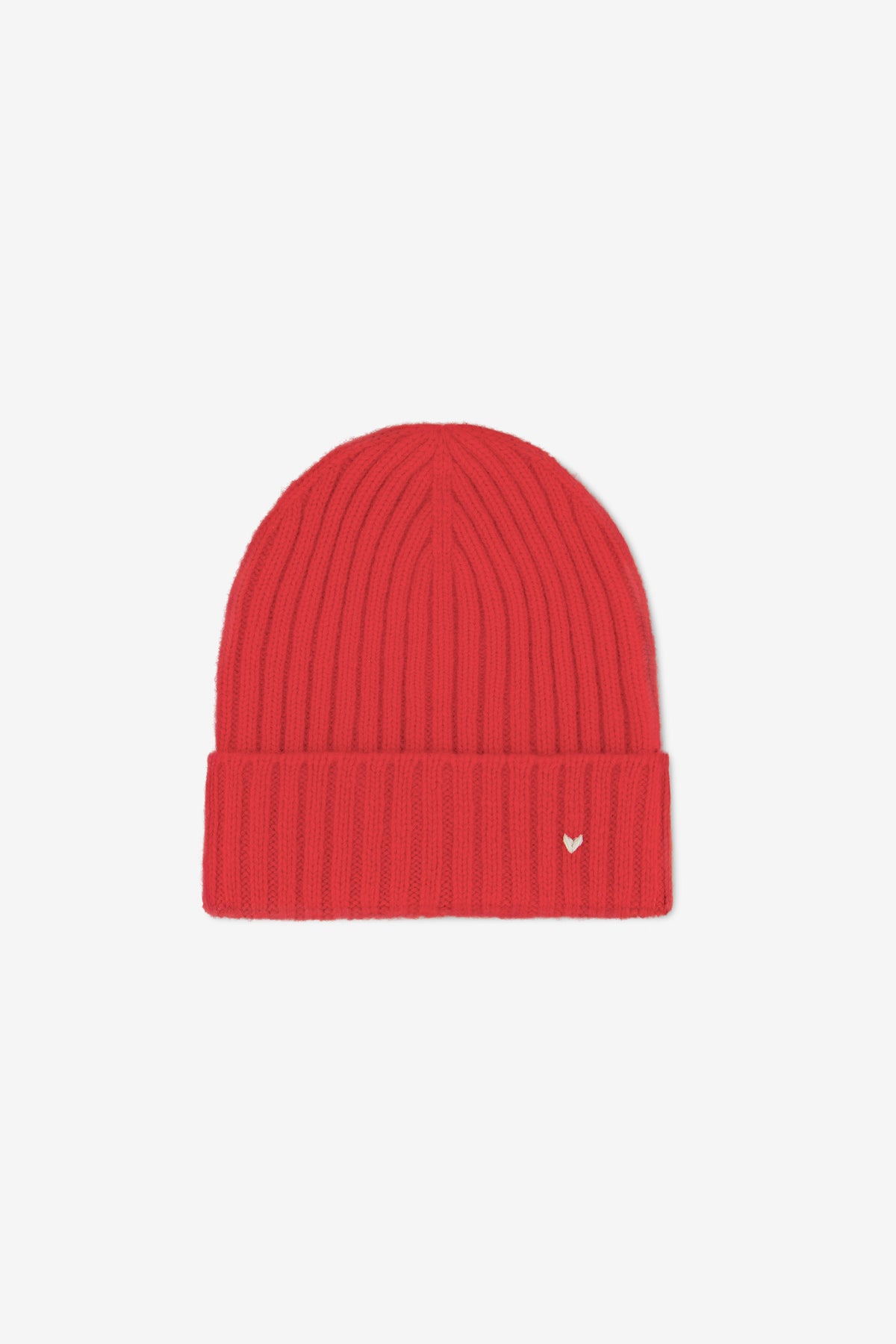The Rib Beanie – Scarlet
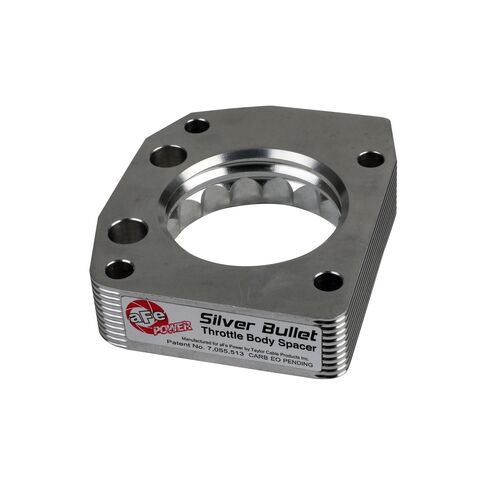 AFE проставка под дроссель Silver Bullet Throttle Body Spacer - Silver 46-37005 AFE проставка под дроссель Silver Bullet Throttle Body Spacer - Silver 46-37005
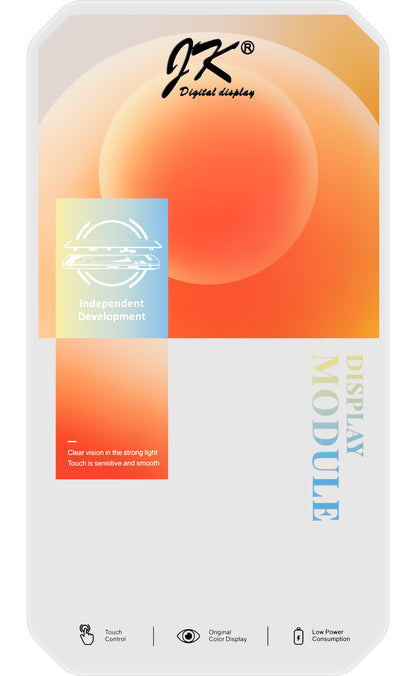 Display sa Touchscreenom JK za Apple iPhone XS Max, sa Ramom, LCD In-Cell Verzija, Crni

> Description of the task
Could the data above be reproduced exactly, with the pictures left out?

> Task result
The Rib Beanie – Scarlet
 AFE проставка под дроссель Silver Bullet Throttle Body Spacer - Silver 46-37005 AFE проставка под дроссель Silver Bullet Throttle Body Spacer - Silver 46-37005
 Display sa Touchscreenom JK za Apple iPhone XS Max, sa Ramom, LCD In-Cell Verzija, Crni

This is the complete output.